Big things can come in small packages. And big things can make small packages. The Solstice can attest to both truths. That the big thing - General Motors - has made a small package is self-evident. But not all small cars are created equal; not all small cars are endowed by their creator with the qualities necessary to make them "big," or great. An individual car's qualities must be carefully weighed before asserting that the first truth here applies. The Solstice wins out big time by delivering on what counts, but there are certainly weighty cons to consider. To the scales, then, ladies and gentlemen.
Life, liberty, and the pursuit of happiness. The Solstice embodies these certain unalienable rights. The ownership of such a vehicle is one's own Declaration of Independence. Your ability to have one implies or creates a freedom from excessive responsibility; the severe lack of trunk space and pure impossibility of carrying more than one passenger quite forces you to leave it all behind. The adequate interior room greatly overshadowed by the infinite headroom offered by the lowering of the manual convertible top creates a very physical sense of freedom; it's a metaphorical yet real removal of boundaries. Stepping into the Solstice after having lowered the top is indeed a liberating exercise.

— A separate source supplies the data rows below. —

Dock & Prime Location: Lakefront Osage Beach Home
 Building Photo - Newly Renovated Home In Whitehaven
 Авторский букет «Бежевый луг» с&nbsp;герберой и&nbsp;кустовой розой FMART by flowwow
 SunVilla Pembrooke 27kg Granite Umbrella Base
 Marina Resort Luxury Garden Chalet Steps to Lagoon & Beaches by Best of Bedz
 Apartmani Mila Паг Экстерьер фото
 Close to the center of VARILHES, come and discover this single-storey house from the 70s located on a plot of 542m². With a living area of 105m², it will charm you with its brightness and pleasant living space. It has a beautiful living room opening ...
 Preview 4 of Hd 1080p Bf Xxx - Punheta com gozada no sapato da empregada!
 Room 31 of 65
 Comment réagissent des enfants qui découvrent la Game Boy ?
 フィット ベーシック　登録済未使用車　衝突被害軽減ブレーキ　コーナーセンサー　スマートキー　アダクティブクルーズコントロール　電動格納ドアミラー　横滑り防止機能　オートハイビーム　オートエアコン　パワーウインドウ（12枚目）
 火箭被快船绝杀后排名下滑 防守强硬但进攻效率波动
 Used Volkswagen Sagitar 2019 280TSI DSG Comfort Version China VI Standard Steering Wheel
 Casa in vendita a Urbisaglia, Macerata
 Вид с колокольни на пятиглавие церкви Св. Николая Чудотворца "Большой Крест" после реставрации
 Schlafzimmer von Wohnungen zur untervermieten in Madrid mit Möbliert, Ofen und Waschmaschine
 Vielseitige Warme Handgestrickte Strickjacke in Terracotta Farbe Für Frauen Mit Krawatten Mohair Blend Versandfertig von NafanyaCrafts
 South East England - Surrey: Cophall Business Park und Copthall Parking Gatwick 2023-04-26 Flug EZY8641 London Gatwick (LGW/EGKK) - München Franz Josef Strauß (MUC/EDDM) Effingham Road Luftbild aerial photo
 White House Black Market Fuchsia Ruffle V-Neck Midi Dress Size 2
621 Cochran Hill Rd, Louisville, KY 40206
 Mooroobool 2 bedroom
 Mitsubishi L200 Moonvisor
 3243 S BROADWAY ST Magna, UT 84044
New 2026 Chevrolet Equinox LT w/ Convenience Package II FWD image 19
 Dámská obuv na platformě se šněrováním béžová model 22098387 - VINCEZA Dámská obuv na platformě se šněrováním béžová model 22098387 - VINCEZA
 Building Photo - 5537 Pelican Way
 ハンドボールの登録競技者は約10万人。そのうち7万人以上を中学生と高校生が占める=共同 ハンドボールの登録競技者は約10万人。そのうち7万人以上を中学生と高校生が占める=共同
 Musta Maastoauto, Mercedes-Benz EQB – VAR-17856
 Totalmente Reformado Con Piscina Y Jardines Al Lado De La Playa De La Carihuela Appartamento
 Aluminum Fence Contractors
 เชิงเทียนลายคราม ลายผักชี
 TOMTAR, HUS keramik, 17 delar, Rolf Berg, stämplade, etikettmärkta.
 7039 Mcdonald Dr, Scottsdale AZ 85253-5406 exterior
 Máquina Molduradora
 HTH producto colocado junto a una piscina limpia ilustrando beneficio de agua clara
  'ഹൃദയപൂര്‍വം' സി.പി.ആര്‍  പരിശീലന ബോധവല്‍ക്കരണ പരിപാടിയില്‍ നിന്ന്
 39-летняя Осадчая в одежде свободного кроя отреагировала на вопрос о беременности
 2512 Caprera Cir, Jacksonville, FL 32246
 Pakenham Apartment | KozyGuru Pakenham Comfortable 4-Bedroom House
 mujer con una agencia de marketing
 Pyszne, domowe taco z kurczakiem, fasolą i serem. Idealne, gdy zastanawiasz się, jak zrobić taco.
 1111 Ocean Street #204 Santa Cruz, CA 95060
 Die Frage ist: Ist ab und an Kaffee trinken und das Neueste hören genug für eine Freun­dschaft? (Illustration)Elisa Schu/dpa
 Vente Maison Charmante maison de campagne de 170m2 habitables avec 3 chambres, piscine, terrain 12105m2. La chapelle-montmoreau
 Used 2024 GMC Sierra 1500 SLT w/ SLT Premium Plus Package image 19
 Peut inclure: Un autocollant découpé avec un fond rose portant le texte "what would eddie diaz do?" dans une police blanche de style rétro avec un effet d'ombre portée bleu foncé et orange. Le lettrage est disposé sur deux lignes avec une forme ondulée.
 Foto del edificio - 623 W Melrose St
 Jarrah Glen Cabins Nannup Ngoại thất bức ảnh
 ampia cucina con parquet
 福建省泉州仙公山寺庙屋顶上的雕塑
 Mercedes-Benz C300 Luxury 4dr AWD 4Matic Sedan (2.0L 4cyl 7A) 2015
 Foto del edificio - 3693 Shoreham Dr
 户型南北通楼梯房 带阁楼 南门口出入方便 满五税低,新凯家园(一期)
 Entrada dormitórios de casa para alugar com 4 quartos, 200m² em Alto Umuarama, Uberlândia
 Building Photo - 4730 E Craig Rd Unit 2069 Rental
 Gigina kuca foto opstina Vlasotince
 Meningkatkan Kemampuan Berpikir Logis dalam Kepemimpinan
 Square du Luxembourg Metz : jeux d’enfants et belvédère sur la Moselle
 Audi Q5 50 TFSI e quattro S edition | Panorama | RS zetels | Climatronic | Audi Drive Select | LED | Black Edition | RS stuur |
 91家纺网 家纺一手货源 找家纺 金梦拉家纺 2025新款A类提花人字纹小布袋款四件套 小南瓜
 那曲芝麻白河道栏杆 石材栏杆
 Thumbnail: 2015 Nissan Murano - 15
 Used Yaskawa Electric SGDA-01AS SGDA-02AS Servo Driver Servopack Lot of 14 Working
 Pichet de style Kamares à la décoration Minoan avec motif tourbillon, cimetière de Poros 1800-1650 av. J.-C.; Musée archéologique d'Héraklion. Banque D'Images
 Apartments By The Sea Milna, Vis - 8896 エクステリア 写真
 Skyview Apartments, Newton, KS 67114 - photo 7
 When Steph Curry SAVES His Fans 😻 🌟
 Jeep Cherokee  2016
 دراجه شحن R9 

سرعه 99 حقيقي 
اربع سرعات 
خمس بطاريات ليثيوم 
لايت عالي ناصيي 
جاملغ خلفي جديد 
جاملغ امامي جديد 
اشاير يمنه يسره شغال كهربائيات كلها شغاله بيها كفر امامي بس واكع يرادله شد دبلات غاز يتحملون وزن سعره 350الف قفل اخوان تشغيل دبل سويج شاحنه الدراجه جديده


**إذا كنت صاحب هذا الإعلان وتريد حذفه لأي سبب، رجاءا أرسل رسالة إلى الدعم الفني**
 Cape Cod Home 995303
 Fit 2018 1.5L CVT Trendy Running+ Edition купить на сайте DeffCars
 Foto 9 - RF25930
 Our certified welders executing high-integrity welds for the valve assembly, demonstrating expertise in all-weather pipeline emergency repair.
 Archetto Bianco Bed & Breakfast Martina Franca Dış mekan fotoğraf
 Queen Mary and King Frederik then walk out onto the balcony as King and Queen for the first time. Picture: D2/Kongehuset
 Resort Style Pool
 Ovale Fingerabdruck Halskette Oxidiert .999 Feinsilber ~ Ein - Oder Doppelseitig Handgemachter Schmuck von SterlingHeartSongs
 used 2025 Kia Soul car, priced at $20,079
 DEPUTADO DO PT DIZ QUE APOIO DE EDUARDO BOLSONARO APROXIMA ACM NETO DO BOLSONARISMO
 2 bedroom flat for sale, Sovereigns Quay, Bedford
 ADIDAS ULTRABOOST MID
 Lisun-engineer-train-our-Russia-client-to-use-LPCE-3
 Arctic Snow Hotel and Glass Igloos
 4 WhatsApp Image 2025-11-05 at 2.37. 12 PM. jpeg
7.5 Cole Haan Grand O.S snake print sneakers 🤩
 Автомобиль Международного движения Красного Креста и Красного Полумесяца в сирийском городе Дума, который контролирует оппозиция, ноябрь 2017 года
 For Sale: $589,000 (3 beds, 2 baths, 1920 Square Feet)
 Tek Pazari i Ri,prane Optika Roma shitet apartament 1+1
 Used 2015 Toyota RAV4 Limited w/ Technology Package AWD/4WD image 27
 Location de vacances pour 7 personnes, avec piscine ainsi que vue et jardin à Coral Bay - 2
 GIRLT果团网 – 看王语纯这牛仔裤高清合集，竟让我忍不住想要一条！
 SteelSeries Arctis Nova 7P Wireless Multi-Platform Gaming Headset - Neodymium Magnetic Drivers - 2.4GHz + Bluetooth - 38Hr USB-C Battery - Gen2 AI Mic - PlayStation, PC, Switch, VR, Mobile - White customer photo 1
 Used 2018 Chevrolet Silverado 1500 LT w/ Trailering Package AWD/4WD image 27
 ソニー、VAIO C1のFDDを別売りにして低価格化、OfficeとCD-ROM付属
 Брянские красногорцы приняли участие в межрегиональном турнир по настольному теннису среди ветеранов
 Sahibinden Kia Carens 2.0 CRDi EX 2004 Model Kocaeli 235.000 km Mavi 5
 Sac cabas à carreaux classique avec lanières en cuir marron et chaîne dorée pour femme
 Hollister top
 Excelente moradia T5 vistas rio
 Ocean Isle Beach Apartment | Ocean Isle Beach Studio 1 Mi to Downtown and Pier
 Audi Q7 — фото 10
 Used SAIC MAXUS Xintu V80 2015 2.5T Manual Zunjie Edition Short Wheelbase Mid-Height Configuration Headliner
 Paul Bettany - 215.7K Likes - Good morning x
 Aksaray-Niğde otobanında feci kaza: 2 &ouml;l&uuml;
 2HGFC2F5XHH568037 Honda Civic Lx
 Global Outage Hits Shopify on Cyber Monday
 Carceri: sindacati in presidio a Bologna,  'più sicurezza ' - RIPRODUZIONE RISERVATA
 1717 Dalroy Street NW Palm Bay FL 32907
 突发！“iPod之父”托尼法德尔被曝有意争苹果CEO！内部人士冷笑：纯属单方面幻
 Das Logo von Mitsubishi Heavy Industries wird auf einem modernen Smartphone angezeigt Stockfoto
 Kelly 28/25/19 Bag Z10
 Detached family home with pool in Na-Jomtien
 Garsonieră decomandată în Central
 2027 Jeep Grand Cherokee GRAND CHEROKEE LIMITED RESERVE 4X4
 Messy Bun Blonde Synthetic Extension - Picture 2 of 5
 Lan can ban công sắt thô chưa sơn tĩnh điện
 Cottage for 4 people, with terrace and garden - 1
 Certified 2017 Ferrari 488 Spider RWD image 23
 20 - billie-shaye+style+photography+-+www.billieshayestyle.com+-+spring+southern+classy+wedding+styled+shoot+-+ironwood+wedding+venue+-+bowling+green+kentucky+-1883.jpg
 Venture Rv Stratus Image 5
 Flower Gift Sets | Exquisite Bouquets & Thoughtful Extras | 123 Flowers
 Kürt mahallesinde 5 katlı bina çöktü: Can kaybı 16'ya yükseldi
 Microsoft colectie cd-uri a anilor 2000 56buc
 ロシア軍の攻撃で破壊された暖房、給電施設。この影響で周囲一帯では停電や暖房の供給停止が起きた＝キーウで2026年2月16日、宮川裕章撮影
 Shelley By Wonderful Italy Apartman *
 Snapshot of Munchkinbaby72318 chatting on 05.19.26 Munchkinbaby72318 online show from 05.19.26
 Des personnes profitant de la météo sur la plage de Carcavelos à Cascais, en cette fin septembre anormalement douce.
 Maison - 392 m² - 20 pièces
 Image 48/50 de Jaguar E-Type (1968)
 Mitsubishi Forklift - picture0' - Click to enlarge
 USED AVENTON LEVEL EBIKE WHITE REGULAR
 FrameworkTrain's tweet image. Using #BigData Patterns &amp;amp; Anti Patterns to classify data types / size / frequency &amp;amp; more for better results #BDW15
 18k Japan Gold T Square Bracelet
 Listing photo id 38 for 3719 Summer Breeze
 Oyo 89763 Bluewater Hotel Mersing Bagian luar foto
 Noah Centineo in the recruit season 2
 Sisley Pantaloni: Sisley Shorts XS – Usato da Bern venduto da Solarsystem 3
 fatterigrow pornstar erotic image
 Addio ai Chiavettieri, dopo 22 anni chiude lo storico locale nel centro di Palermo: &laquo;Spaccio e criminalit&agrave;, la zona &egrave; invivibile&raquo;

The third right (or left), the pursuit of happiness, is best carried out on a windy road, and best with a capable automobile. Fortunately, the Solstice behaves very much like a roadster; it is and it feels lightweight, though 2860 pounds is certainly not ultra-lightweight. It is nimble, sharp, and quick in its lateral excursions. Turn-in is very positive, body roll is under control, and balance is superb – fore/aft weight distribution is very nearly 50/50. The Solstice dances with the winding road very easily, very happily, responding so keenly to your steering inputs with its 16.4:1 steering ratio. It digs in quite well. It adjusts its line properly to throttle input, tightening its line at lift off, and opening up the line or drifting at smooth throttle input. You can get the rear end out easily enough, though certainly not too easily, with a jerk of the wheel and deep stab of the throttle. Or you can bring the car up to its limits of adhesion under heavy throttle in a corner and lift off abruptly, and the rear end will come about to say hello, and then you simply counter-steer and get it back in line. It does what you want, beautifully.
This behavior is the result of a good suspension setup, but first the result of a good chassis. The Solstice’s frame starts with completely hydroformed rails – a unique trait the Solstice shares with the Corvette. Other structural members and brackets are MIG-welded to the main rails. The transmission tunnel is reinforced to boost chassis strength. The strong structure, with a bending frequency of 20.8 hertz and a torsional frequency of 18.8 hertz, is not quite amazing – that’s a lot less stiff than a good sports sedan, but then those have have closed tops. The Solstice’s chassis is right on par with other roadsters, and it is strong enough that engineers designed the body to be non-load bearing. This resulted in a body designed purely for looks, so the production car is a dead ringer for the concept.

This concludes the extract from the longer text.